The leading destinations were Mexico (17 percent of total volume), Canada (13 percent), Zimbabwe (13 percent) and the United Kingdom (10 percent). Exports to Mexico (down 45 percent) and Canada (down 27 percent) each declined because of improved domestic supplies in those nations and sharply higher U.S. prices. Meanwhile, despite reduced chickpea volume, shipments to Spain rose 6 percent due to offsetting interest in U.S. Great Northern, dark red kidney, and cranberry beans. Exports to the United Kingdom (down 2 percent) and Japan (down 10 percent) also declined during the first 4 months of the marketing year.
Sharply higher prices for dry beans are drawing increased attention to the U.S. market from other bean-producing nations. Import volume from September to December rose 8 percent from a year earlier. Canada (40 percent of total volume), China (19 percent), Mexico (19 percent), and Thailand (4 percent) were the top import sources. Imports rose for pinto, black, and navy beans, but were lower for light red kidney, lima, and mung beans. Dry bean imports from Thailand consist mainly of mung beans but small amounts of several other classes were also imported. Dry bean import volume from Canada rose 54 percent while volume from China increased 37 percent from a year earlier. Despite a larger U.S. crop last fall, black beans were the single largest import class, with more than 12 million pounds entering over the first 4 months of the marketing year. China accounted for 55 percent of these black bean imports.
Canadian Market Analysis
For 2007-08, total production of pulses and special crops in Canada increased by 10% from 2006-07 to 4.51 million tonnes (Mt), based on Statistics Canadas (STC) November production estimates. Compared to 2006-07, average yields were lower for dry peas, dry beans, mustard seed, canary seed and sunflower seed, but higher for lentils and chickpeas. Crop abandonment was generally lower than for 2006-07 and lower than normal. Quality was generally lower than for 2006-07, but higher than normal.

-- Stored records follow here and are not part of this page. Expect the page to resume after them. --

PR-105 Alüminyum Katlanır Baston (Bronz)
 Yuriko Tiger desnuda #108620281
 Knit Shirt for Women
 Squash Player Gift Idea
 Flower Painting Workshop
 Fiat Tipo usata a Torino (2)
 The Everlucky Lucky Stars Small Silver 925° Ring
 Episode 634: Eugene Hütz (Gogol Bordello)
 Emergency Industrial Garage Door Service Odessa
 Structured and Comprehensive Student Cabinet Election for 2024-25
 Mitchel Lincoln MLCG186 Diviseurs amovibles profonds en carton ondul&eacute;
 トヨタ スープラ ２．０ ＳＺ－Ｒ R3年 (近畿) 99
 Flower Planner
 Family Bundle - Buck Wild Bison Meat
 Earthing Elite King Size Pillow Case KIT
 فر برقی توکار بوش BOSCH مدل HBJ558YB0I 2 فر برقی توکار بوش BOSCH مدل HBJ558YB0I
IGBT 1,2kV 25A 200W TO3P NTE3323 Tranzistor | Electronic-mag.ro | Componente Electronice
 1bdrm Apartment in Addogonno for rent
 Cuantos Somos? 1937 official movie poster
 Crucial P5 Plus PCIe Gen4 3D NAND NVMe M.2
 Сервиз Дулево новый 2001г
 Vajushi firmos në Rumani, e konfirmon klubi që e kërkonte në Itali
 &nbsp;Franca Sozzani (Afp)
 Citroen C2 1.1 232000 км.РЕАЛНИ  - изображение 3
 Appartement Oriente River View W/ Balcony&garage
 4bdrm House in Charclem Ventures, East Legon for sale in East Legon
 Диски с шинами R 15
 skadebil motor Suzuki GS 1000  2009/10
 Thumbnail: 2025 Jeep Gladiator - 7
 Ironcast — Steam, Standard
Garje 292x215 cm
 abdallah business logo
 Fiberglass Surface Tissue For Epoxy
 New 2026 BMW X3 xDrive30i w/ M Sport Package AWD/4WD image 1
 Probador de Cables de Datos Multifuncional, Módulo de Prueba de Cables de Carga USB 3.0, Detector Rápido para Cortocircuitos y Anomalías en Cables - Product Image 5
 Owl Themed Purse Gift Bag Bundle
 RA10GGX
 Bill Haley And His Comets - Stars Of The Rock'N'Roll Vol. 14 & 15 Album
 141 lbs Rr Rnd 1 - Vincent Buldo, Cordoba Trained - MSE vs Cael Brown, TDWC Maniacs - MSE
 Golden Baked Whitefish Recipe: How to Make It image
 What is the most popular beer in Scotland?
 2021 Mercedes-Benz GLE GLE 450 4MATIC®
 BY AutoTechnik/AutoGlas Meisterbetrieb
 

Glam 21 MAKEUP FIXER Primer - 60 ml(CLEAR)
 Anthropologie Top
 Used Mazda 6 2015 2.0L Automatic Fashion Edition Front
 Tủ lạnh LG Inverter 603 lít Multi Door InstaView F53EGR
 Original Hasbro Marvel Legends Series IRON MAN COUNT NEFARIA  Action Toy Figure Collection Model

Total supply decreased by 6% to 5.28 Mt due to lower carry-in stocks, causing exports, domestic use and carry-out stocks to decrease. Average prices, over all types, grades and markets, are forecast to increase from 2006-07 for dry peas, lentils, dry beans, mustard seed, canary seed, sunflower seed and buckwheat, but decrease marginally for chickpeas. The main factors to watch are currency exchange rates, ocean shipping costs and crop conditions in India, Pakistan, Mexico and the Middle East.
For 2007-08, production and supply decreased because of the 14% lower seeded area and lower yields. Production fell for all major classes of dry beans; white pea, pinto, black, dark and light red kidney, cranberry, Great Northern, pink and small red. Exports are forecast to decrease due to the lower supply. Carry-out stocks are expected to fall to a low level. U.S. production increased by 4% to 1.07 Mt, while supply increased only marginally to 1.22 Mt, as lower carry-in stocks offset most of the production increase. U.S. supply and, to a lesser extent, Canadian supply are the most important factors affecting Canadian prices. The average price, over all types and grades, is forecast to increase because of the lower total U.S. and Canadian supply.